WHAT YOU NEED TO DO →
The expected output is the line bearing "Schnapps – on" followed by all remaining lines of the records, each restated word for word.

Records contained in a dataset →

• • • • •

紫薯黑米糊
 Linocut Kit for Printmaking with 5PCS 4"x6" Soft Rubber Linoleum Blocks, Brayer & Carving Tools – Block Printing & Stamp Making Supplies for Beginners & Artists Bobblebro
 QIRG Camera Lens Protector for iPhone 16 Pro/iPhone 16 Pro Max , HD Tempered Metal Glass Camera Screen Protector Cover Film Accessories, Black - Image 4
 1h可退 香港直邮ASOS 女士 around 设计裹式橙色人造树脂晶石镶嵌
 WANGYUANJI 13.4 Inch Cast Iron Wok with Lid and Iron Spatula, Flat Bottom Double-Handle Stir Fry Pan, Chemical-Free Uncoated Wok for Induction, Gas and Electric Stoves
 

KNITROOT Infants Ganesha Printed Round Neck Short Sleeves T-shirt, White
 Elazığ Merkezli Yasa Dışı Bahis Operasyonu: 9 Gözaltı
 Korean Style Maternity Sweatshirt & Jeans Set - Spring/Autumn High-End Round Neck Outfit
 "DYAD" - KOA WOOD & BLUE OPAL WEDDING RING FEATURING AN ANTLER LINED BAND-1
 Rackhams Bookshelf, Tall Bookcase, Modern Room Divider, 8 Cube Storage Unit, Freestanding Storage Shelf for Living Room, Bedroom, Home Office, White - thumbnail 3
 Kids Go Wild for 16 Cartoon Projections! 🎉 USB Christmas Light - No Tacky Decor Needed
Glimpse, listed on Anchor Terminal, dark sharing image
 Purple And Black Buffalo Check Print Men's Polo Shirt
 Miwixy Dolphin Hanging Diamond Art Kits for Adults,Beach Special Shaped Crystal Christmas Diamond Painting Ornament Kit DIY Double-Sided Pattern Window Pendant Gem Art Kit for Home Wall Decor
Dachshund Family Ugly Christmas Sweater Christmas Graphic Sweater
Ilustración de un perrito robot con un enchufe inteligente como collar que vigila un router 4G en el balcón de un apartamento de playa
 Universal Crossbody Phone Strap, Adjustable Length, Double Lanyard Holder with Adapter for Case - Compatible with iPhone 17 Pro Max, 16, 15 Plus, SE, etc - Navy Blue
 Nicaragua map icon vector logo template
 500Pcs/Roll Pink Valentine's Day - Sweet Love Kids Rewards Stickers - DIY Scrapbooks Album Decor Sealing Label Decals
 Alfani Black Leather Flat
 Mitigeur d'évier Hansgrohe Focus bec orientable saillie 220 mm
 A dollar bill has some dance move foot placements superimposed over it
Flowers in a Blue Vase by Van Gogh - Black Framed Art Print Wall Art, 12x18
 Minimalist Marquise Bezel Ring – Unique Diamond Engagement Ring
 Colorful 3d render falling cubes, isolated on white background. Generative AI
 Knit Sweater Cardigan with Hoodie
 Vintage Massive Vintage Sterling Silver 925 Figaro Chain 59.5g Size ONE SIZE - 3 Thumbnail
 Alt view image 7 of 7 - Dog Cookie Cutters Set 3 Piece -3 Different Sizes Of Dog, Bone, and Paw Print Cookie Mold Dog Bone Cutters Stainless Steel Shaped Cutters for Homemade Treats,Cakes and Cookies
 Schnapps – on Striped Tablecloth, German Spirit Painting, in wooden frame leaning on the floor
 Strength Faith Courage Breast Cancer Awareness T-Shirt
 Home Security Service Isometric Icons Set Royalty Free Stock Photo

• • • • •

RESULT FOR THIS TASK →
 Schnapps – on Striped Tablecloth, German Spirit Painting, in wooden frame leaning on the floor
 Strength Faith Courage Breast Cancer Awareness T-Shirt
 Home Security Service Isometric Icons Set Royalty Free Stock Photo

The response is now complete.